As Bienais de Luanda para a Cultura da Paz

Pela sua própria história recente de superação de um conflito civil, que se pode considerar tanto nacional quanto proxy, Angola foi encarregue em 2015, pela União Afriacana, para co-organizar com a UNESCO o Fórum Pan-Africano Bi-anual para a Cultura da Paz em África.

As Bienais de Luanda para a Cultura da Paz de 2019, 2021 e 2023 (e outras futuras) inserem-se tanto no compromisso do Estado angolano para com a cultura da paz, quanto naquela segunda dimensão pedagógica estabelecida em Yamoussoukro em 1989. No caso, Angola é um instrumento de fomento educativo e formativo da Cultura de Paz em África.

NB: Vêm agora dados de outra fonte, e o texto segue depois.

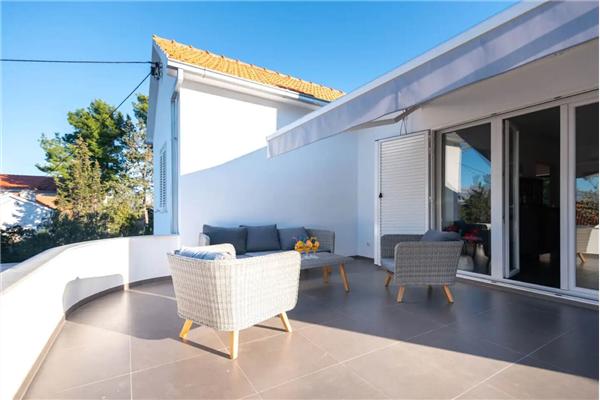 House K1, for 10 persons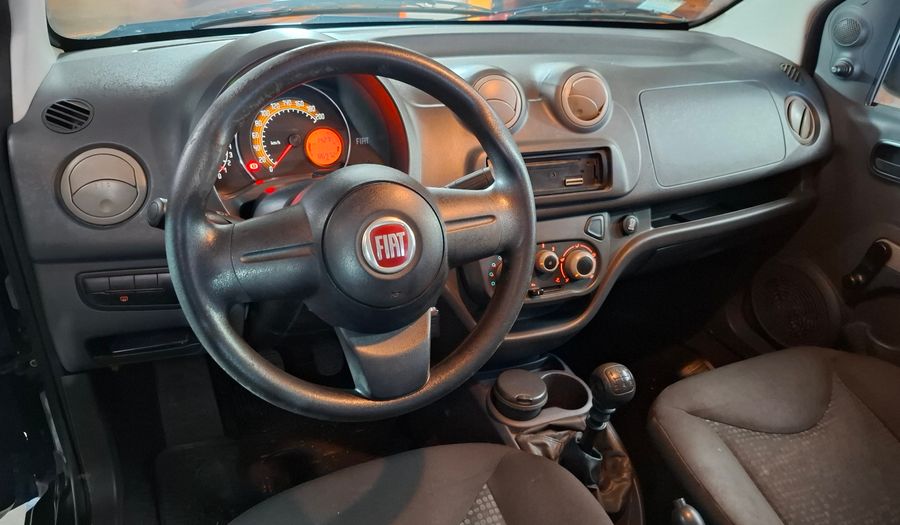 Fiat Uno 1.4 8V ATTRACTIVE 5P Hatchback 2011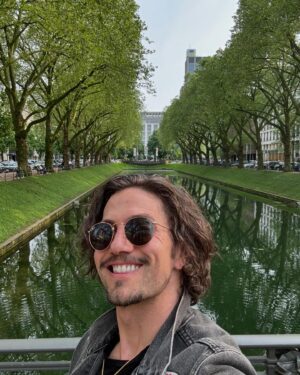 Jackson Rathbone Instagram - Five hour walkabout today in Dusseldorf 
Love taking in this beautiful city. 
Excited to meet all yall tomorrow !!!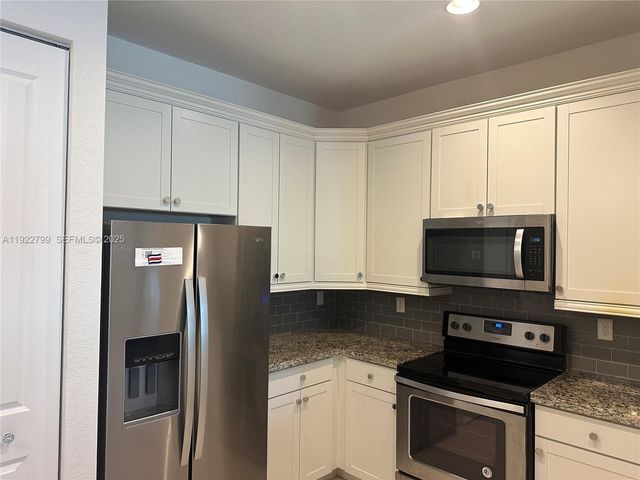 11718 SW 13th Ct, Pembroke Pines, FL 33025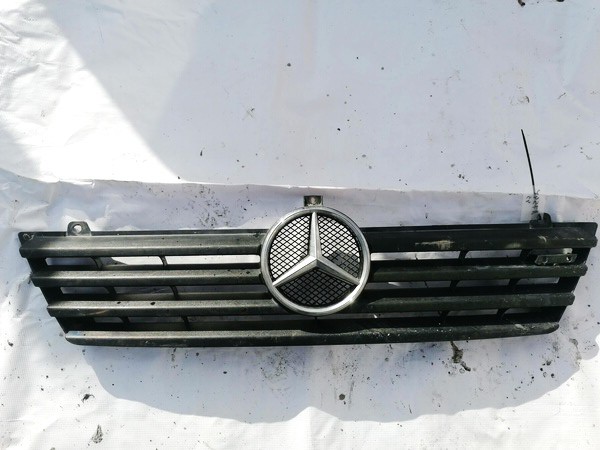Передняя решетка (Капот) A9018800085 USED Mercedes-Benz SPRINTER 2005 2.2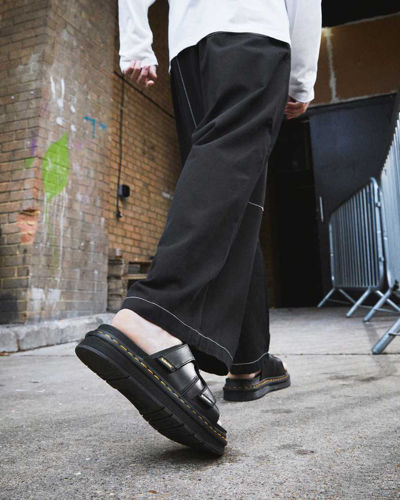 Shop Dr. Martens' Herren Daxton Leder Slip-on Sandalen In Black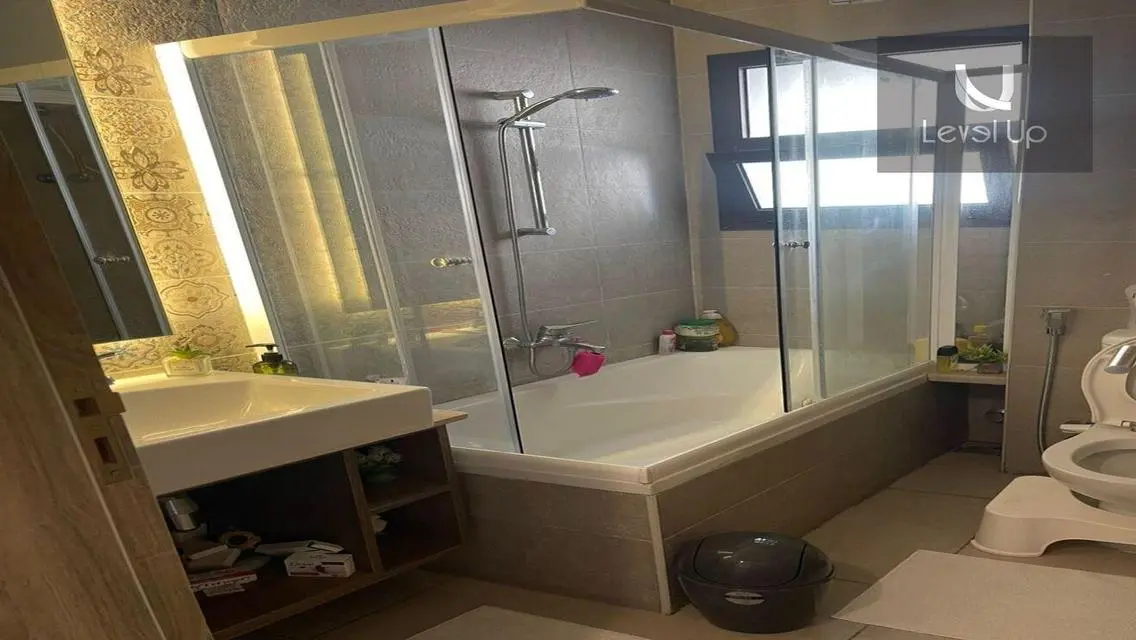 Ground floor with garden for rent in Al Marasem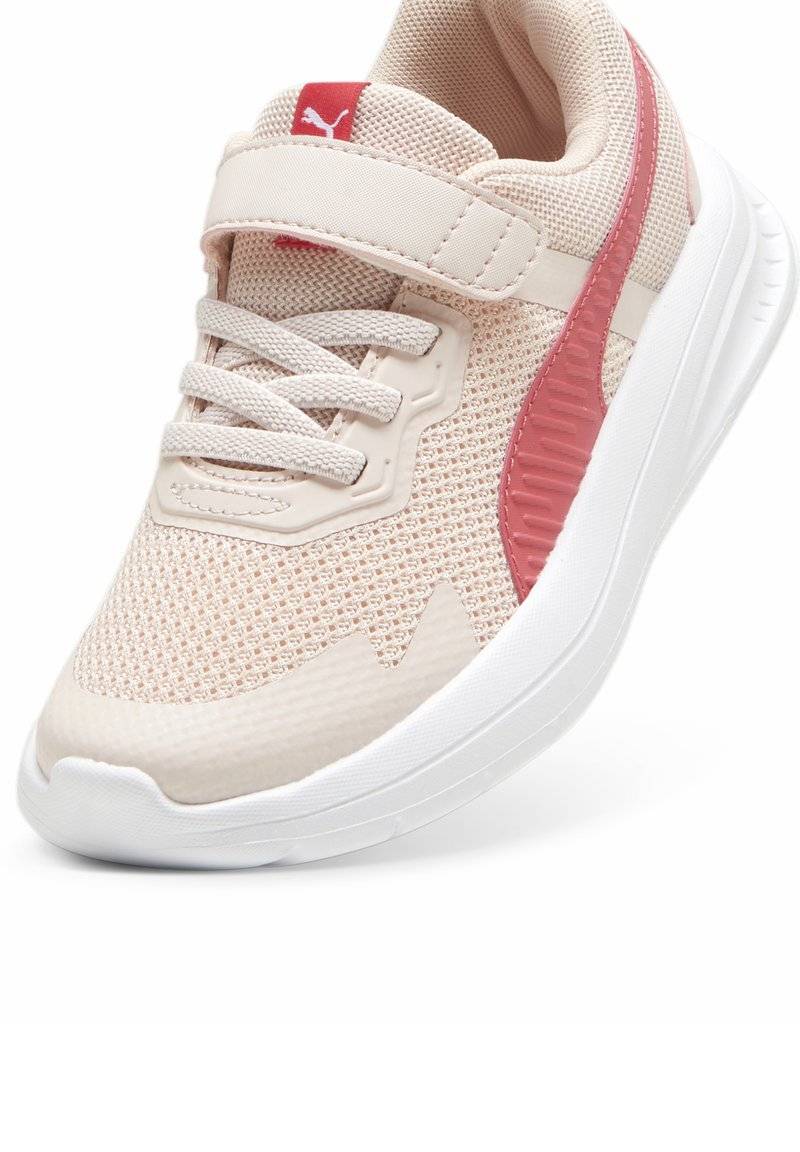 Puma Puma EVOLVE - Stability running shoes - island pink white tart cherry Räumungsverkauf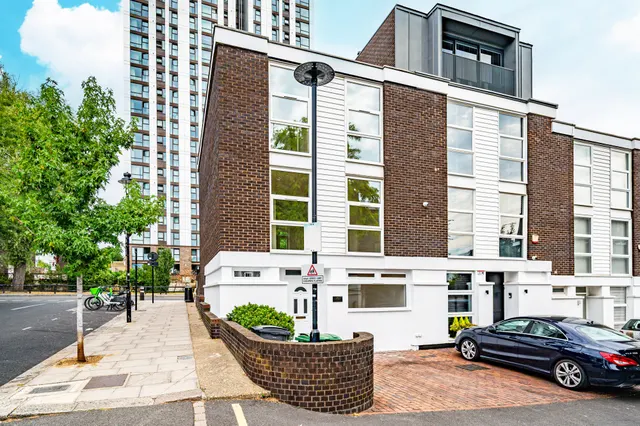 1 Elliott Square, London, photo 1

O desempenho desta dimensão da parte do Estado angolano realiza-se em três níveis:

  1. Pacificar-se internamente antes de pacificar externamente, isto é, tal e qual um educador deve possuir e exibir valores positivos aos educandos, antes de lhos exigir, Angola precisa continuar a demonstrar ser um exemplo de pacificação e de reconciliação internas, para que isto se possa espelhar nos demais Estados africanos como modelo de cultua de paz a adoptar;
  2. Compreensão teleológica dos conflitos africanos como premissa para a ruptura dos ciclos de conflitos no continente, isto é, e como ilustrado pelo Presidente João Lourenço no seu discurso de abertuda da Bienal de 2021, é “(…) importante procurar perceber-se as reais causas do clima de conflitualidade ainda reinante em África” (Ver aqui o discurso completo); e
  3. A juventude como objecto e sujeito da cultura da paz, isto é, formar os formadores, cultivar os cultores que promoverão e expandirão a cultura da paz pelo continente de forma permanente e sustentável.

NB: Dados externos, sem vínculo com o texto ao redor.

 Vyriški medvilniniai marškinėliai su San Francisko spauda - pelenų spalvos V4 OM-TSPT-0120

E a Paz através da Cultura?

A Cultura da Paz não é sinónimo da Paz através da Cultura, embora esta última possa ser e é conducente à materialização da primeira. Isto é, a Cultura da Paz concretiza-se graças à Paz através da Cultura. No caso, existem, pelo menos, 5 níveis que se actuados não só complementam os três primeiros assentes na Cultura da Paz, como também garantem uma paz mais sustentável através da cultura, nomeadamente:

  1. Passar de uma compreensão quase subjectiva e filosófico-moralista da Cultura da Paz, geralmente, entendida como paz política e militar, para uma estratégia pan-africana da Paz através da Cultura, que coloque ênfase na paz social e paz mental dos africanos e das suas sociedades. Trata-se da promoção do bem-estar material e espiritual dos africanos como pré-condição para a paz social, política e militar;
  2. A promoção de uma diplomacia cultural como sustento da Cultura da Paz e da Paz através da Cultura. Trata-se da necessidade de uma maior aposta do intercâmbio cultural e das práticas enraízadas na cultura africana promotoras da paz intercomunitárias, como é o caso de Umuntu Ngumuntu Ngabantu, que inspirou a reconciliação sul-africana pós-Apartheid;
  3. Criação de Instituos Pan-Africanos para a Paz, como centros de estudos de fenómenos sociais e transversais que ameaçam à Paz, a utilizar pelos decisores públicos para assegurar a Paz;
  4. A criação de Agências Humanitárias Africanas, como plataformas de coordenação da solidariedade pan-africana, pois, a Paz é também o espírito de inter-ajuda entre os africanos; e
  5. Festivais Pan-Africanos para a Cultura e Paz e respectivos prémios, como espaços e como eventos de demonstração, partilha e consolidação do espírito pan-africano para paz através da cultura.

Em suma, enquanto a Cultura da Paz é o compromisso dos Estados para a paz política e militar entre os Estados em África, a Paz através da Cultura é o passo certo do agir de cada cidadão africano para paz no seio das suas comunidades e sociedades. Se a Cultura da Paz pretender ser o faro para paz efectiva e sustentável das sociedades, precisará adoptar e a actuar a Paz através da Cultura por meio da actuação dos 5 níveis complementares e demais acções que contribuam para o bem-estar social, material e espiritual dos povos africanos.